The name alludes to the 1963 March on Washington, which Lewis, then chairman of the Student Nonviolent Coordinating Committee, helped organize alongside Martin Luther King Jr.

The first March book, released in August, covers Lewis’ childhood in Alabama and his first forays into the civil rights movement, including the lunch counter sit-ins, considered important milestones in the use of nonviolent civil disobedience.

“John is the genuine article,” says Powell. Beginning last June, the three men went on a six-month tour of book festivals and comic conventions to promote March. “It’s been a very transforming experience personally,” says Powell, noting that, “all three of us are on more or less exactly the same page politically.”

Powell, 35, was born in Little Rock, Ark., a city with its own chapter of civil rights notoriety. “I grew up in a military family during the Cold War, with a typical innocent young perspective,” he says. “The first thing that really gave me a social conscience was reading X-Men, when I was 11. And getting into punk music and the politics and social perspective that comes through that.”

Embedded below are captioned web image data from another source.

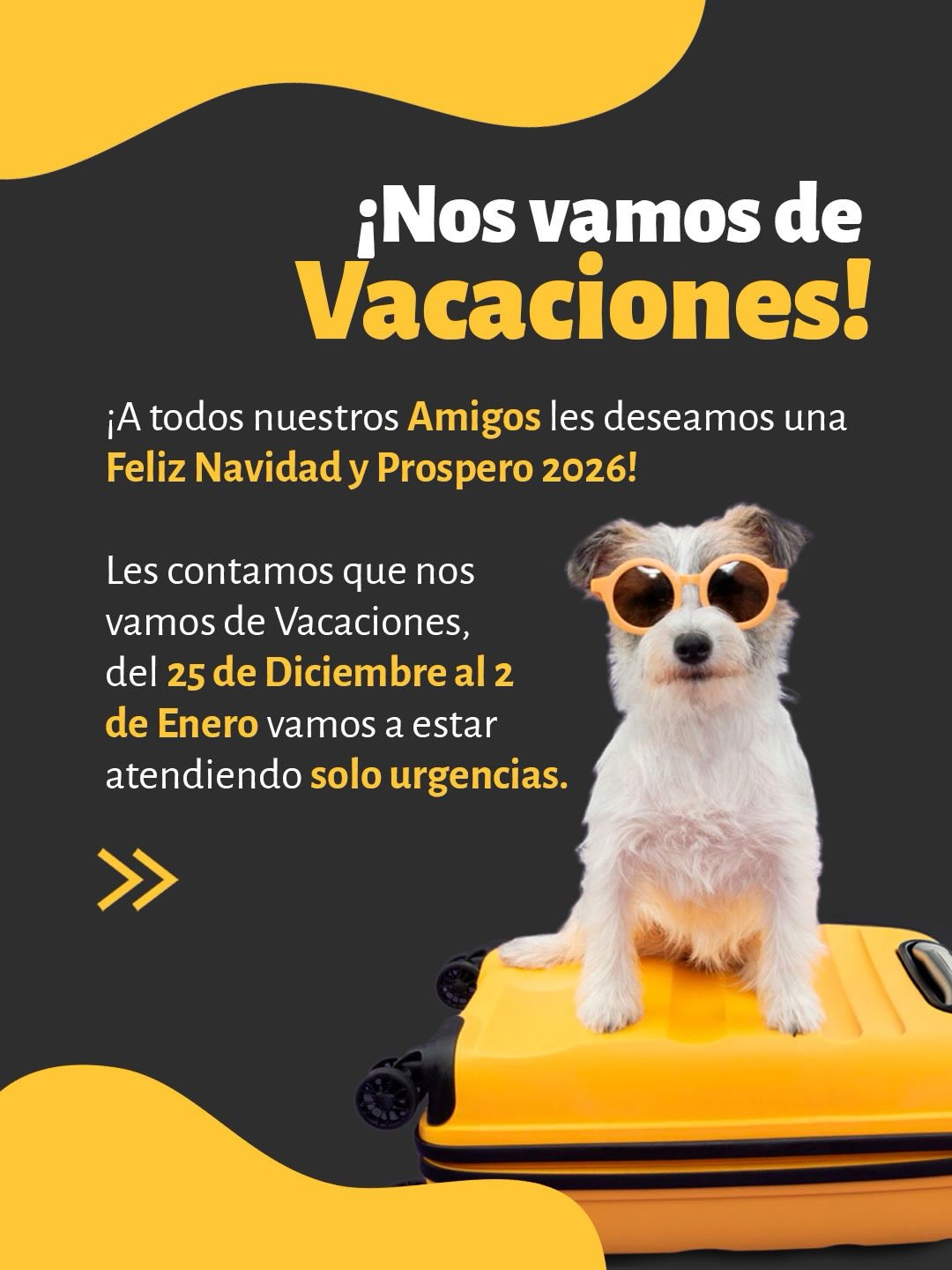 🎄🐾 Esta Navidad queremos agradecerles por ser parte de la familia PharmaZoo 💚
Les deseamos unas fiestas llenas de amor y bienestar para ustedes y sus peluditos ✨
📅 Nos vamos de vacaciones del 25 al 2, así que recuerden hacer su pedido de huesitos con anticipación 🦴🎁
#PetLoversColombia
#MascotasColombia
#PerrosColombia
#PetCareColombia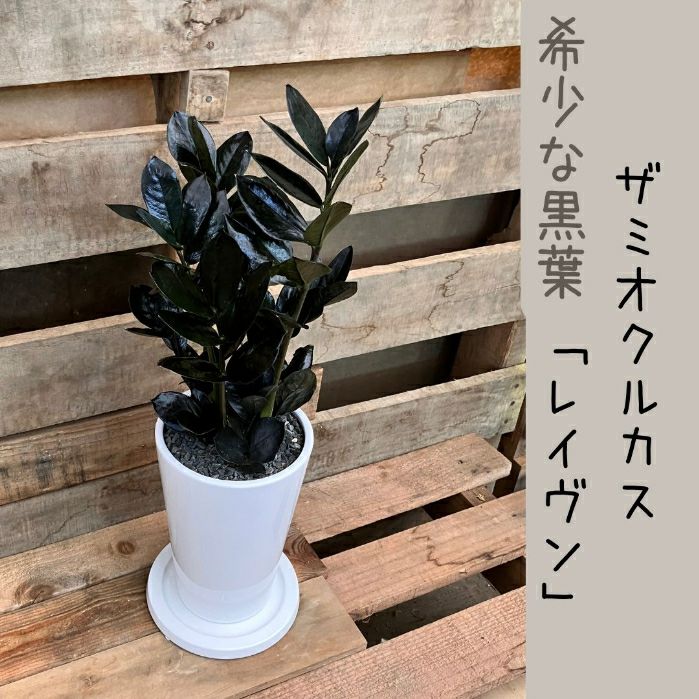 観葉植物現品販売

While working as a visual artist, Powell also performed in punk rock groups throughout the 1990s and 2000s. His graphic novel, Swallow Me Whole, won the Eisner Award for best graphic novel of 2008. He has also won two Ignatz Awards for outstanding achievement in cartooning and debut comic.

Powell and his family settled in Bloomington in 2004 after moving up and down the East Coast. “I’d been here several times and played shows, and knew it was a nice, cozy, not-expensive place to live.” He and wife, Rachel, have a 2-year-old daughter, Harper, who, he says, takes up most of his time when he’s not at the drawing table.